For any field $F$, $F[x]$ is a principal ideal domain; this is a very well-known and oft-quoted result, which I will accept here.

Now let

$M \subset F[x] \tag 1$

be a maximal ideal; since $F[x]$ is a principal ideal domain, we have

$M = (m(x)) \tag 2$

for some

$m(x) \in F[x]; \tag 3$

we may clearly take $m(x)$ to be monic, since the leading coefficient $\mu$ of $m(x)$, satisfying as it does $\mu \ne 0$, is a unit; thus $\mu^{-1} m(x)$ is monic and

$(\mu^{-1} m(x)) = (m(x)); \tag 4$

now if $m(x)$ were reducible in $F[x]$, we would have

$m(x) = p(x)q(x), \; p(x), q(x) \in F[x], \; \deg p(x), \deg q(x) \ge 1; \tag 5$

consider the ideal

$(p(x)) \subsetneq F[x]; \tag 6$

it is clearly proper: since $\deg p(x) \ge 1$, $(p(x))$ contains no polynomials of degree $0$, that is, contains no elements of $F$ other than $0$. Also,

$(m(x)) = (p(x)q(x)) \subsetneq (p(x)), \tag 7$

for

$p(x) \notin (p(x)q(x)) \tag 8$

lest for some

$r(x) \in F[x] \tag 9$

we have

$p(x) = r(x)p(x)q(x), \tag{10}$

or

$p(x)(r(x)q(x) - 1) = 0, \tag{11}$

whence

$r(x)q(x) = 1, \tag{12}$

which yields

$\deg r(x) + \deg q(x) = \deg 1 = 0, \tag{13}$

impossible in light of the assumption $\deg q(x) \ge 1$; thus we have shown that

$(m(x)) = (p(x)q(x)) \subsetneq (p(x)) \subsetneq F[x] \tag{14}$

in the event that $m(x)$ is reducible, which further shows that $(m(x))$ is not a maximal ideal in $F[x]$; this contradiction implies that $m(x)$ is irreducible in $F[x]$. Finis.

Answer 2

There's a classic result in commutative algebra that you can apply:

Let $B$ be an integral domain, $A$ be a subring such that $B$ is integral over $A$. Then $B$ is a field if and only if $A$ is a field.

Answer 3

In general we have $F(x)/(f)$ is a field iff f(x) is irreducible.

If reducible, then we have a zero divisor, so it can't be a field.
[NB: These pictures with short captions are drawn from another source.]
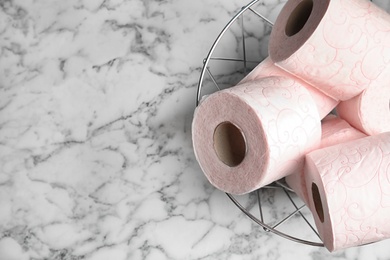 Photo of Bowl with toilet paper rolls on marble background, top view. Space for text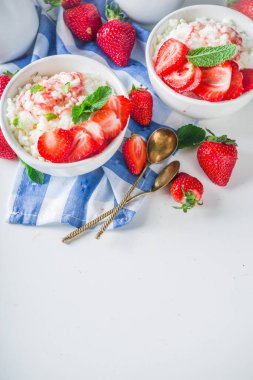 Yaz sabahı sütlü pirinç pudingi ya da çilekli pirinç lapası ve küçük bir kasede çilek şurubu, süt ve taze çilek fotokopi alanı.
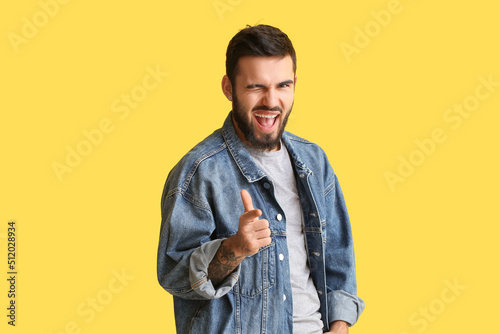 Slika na platnu Smiling man pointing at viewer and winking on yellow background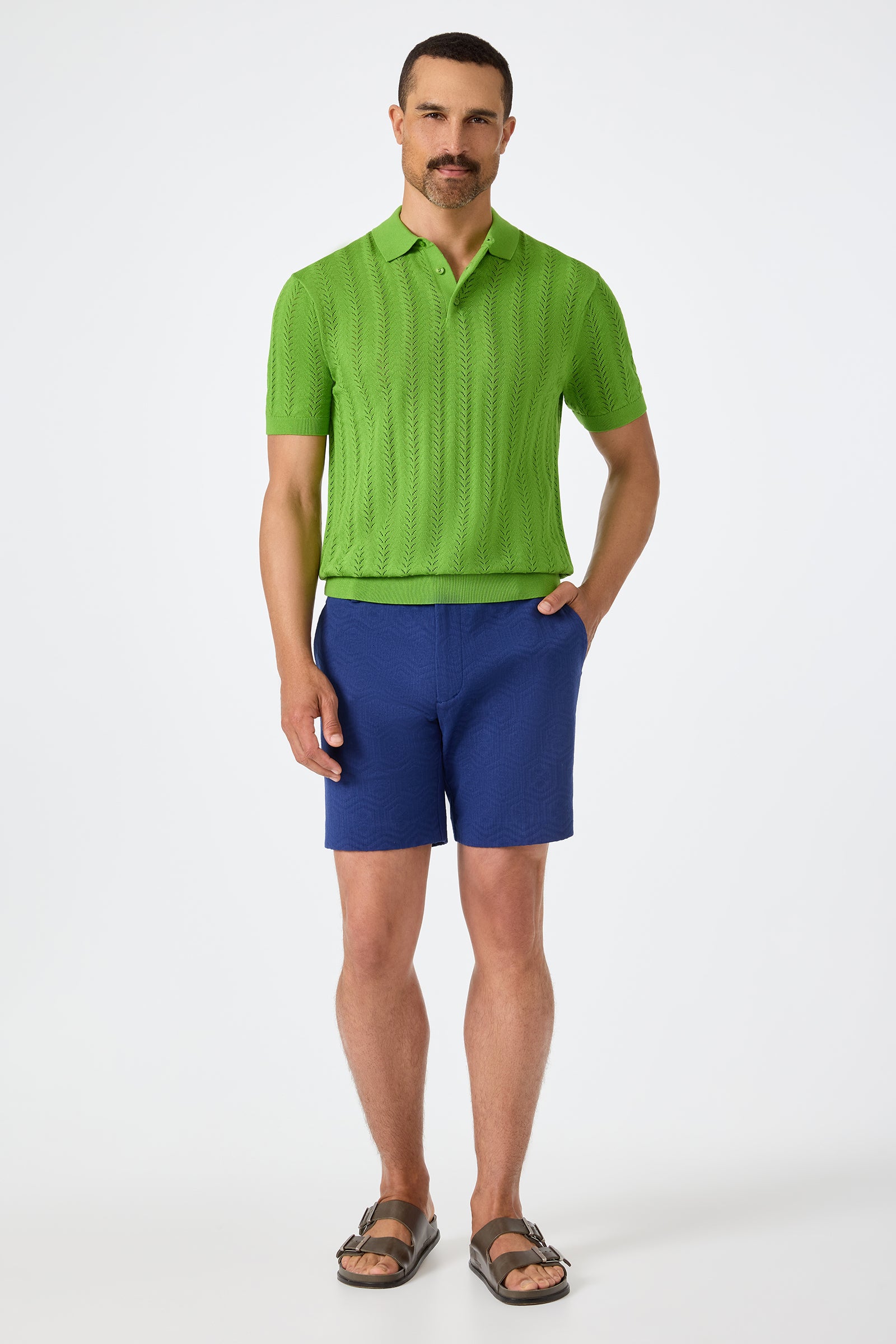 A man with a short mustache and neatly trimmed hair stands against a plain white background, wearing the Cole Short-Sleeve Polo in bright green, blue textured shorts, and brown sandals.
If irreducible, then all polynomial  can be subjected to Euclidean algorithm which gives you a multiplicative inverse.

The remaining field axioms follow from the fact that we have a ring quotient.

Answer 4

It is really easy to show that $\mathbb{Z}/p\mathbb{Z}$ is a field when $p$ is prime, because it easily stems from Bézout's identity.
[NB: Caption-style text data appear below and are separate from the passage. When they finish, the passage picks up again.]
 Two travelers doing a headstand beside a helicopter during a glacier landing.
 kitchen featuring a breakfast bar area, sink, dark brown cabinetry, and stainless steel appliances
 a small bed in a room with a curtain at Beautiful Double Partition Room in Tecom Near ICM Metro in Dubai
However, Bézout's identity also holds over any Euclidean domain. Let $g(x)\in F[x]$, with $g(x)$ not divisible by $f(x)$. We want to show that $g(x)+(f)$ is invertible in $F[x]/(f)$.
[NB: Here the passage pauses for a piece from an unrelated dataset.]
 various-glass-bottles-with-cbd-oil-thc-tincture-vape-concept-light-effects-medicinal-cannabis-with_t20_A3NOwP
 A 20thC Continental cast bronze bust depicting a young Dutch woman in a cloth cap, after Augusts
Since $f$ is irreducible, $1$ is a greatest common divisor of $f$ and $g$, hence there are polynomials $u,v\in F[x]$ such that $$ 1=f(x)u(x)+g(x)v(x) $$ Then, clearly, $v(x)+(f)$ is the inverse of $g(x)+(f)$ in $F[x]/(f)$.

Note that we actually proved that, for every irreducible element $n$ in a Euclidean domain $R$, the quotient ring $R/(n)$ is a field.